Congress turned over their operations to the private sector in 1985 in
hopes of spurring outside interest for later missions. The satellites were
expected to last no more than two years, according to original USGS estimates,
but Landsat 4 continued to relay land-surface images at a 100-mile resolution
until just a few years ago when its communication hardware failed. Landsat
5 can still send high-quality image data back to antennas on Earth, but
compared to the cost and benefit of the newer Landsat 7, the Landsat 5
mission is no longer cost-effective and is slated to end, the USGS says.
Signals from space
On April 28, scientists in Madrid received weak signals from what at
first appeared to be the constellation Taurus, but was soon discovered
to be Pioneer 10, launched from Cape Kennedy in 1972. Revolutionary for
its time, Pioneer 10 was the fastest spacecraft ever built and was the
first to travel through the asteroid belt, the first to use a planet’s
gravitational pull to change its course and also the first to reach solar-system
escape velocity. Now, nearly 30 years later, Pioneer 10 has traveled twice
as far from the Sun as Pluto, outliving its life expectancy by 27 years.

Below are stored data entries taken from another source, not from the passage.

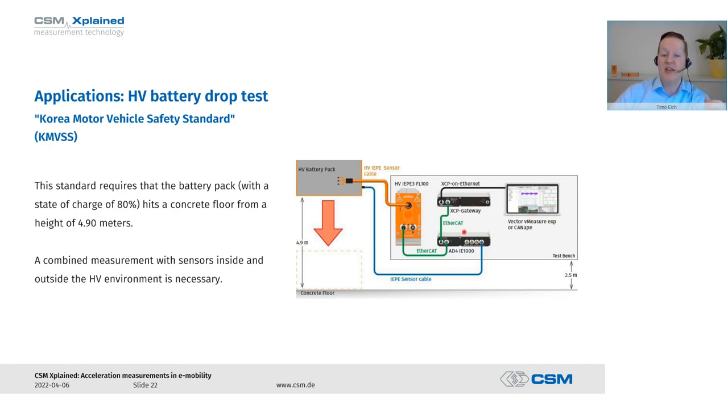All modules were connected to each other via the EtherCAT bus — the green lines — and the measurement data is collected and synchronized by an XCP gateway. The XCP gateway transfers signals to the measuring computer via XCP on Ethernet, a standard bus system, and a data acquisition software runs on the computer — in our case CANAPE or vMeasure Expert, both products by our partner company Vector Informatik.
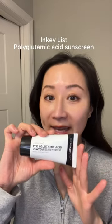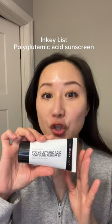For those that want to take hydration up to the next level, you gotta check out Inkey List Polyglutamic Acid Dewy Sunscreen. This is more of a dense cream, slightly harder to spread, but oh my god, love the way it feels on my skin. Super hydrating and nourishing, has a slight dewy finish. I just absolutely love it, especially...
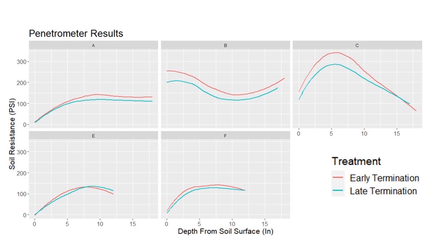You can see pretty clearly in almost all these trials there's more soil resistance in the earlier terminated strips, indicating that there is a little bit better soil structure in those late termination strips with more cover crop biomass. While yield is still our number one priority, it's just nice to see some other metrics of what's going on in the soil as well.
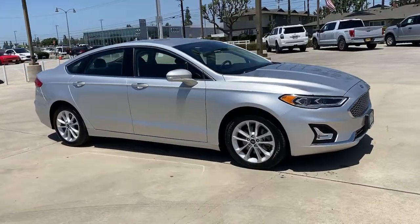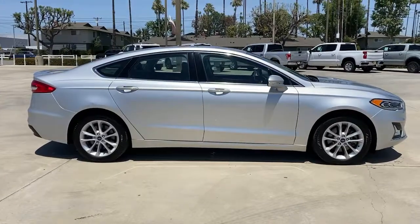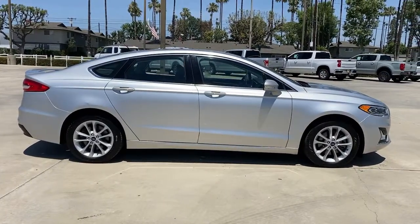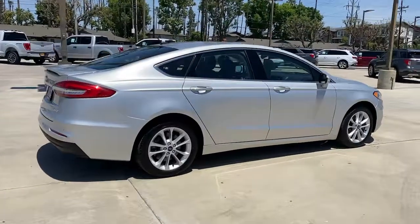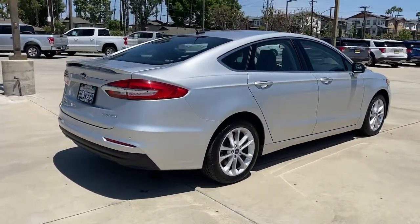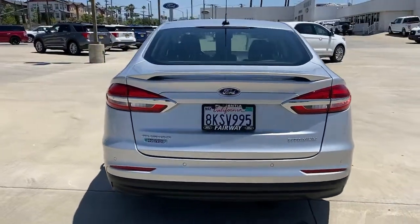Get into the 2019 Ford Fusion. With less than 25,000 miles on the odometer, this vehicle provides excellent value. This sleek Fusion is ready to take you wherever you need to go in stylish luxury. It delivers smart tech and a smooth ride, so you can relax and focus on the drive.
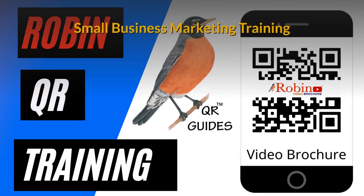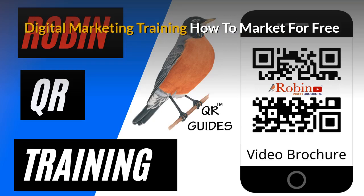There is a complete small business marketing training system that is available. Part of the training is to show you how to market for free. There are hundreds of ways that people just don't know about. Learn how to do it and you get paid for life.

The radio signals that reached Earth on April 28 took 11 hours to make
a 7.3-billion-mile journey — that’s 78 times the distance between Earth
and the Sun. Engineers believe that its radio transmitter is still being
powered by electricity generated by heat from decaying plutonium-238. However,
the thermocouple device — the part of the spacecraft that converts the
heat energy to electricity — is decaying more rapidly than the plutonium
and NASA scientists do not expect the radio to transmit signals much longer.
Once its power runs out, Pioneer 10 will continue to travel deeper
into space. In about 300,000 years it will pass within three light years
of a star — the red dwarf Ross 248 in the constellation Taurus. Over the
next million years, if the 570-pound spacecraft is still intact, it will
pass 10 stars within a distance of nine light years. And in about 5 billion
years, Pioneer 10 will most likely be traveling through the Milky Way when
the Sun becomes a red giant and destroys Earth.
Supporting ‘Out of Africa’
Reporting in the May 11 Science, an international team of molecular
biologists rejected the idea that ancient humans in Asia contributed genetically
to modern humans. The team based their findings on analyses of genetic
mutations of the Y-chromosome in 12,127 Asian males.
The Y-chromosome is one of the best tools for tracing human evolutionary
history. The scientists looked for a particular mutation of the Y-chromosome
that molecular biologists believe evolved between 35,000 and 89,000 years
ago — spanning the period of time during which humans migrated out of Africa.
Under that lineage there are three additional mutations that can be used
as markers to determine whether all humans descended from the “Out of Africa”
lineage. In the absence of at least one of those three mutations, it could
be deemed that humans migrating from Africa had not replaced all humans
in Asia, refuting the theory that all modern humans came from Africa. What
the scientists found was that each of the males sampled carried one of
the three mutations under the “Out of Africa” lineage, indicating that
modern humans of African origin completely replaced earlier Asian populations.
This is further evidence for the “Out of Africa” theory.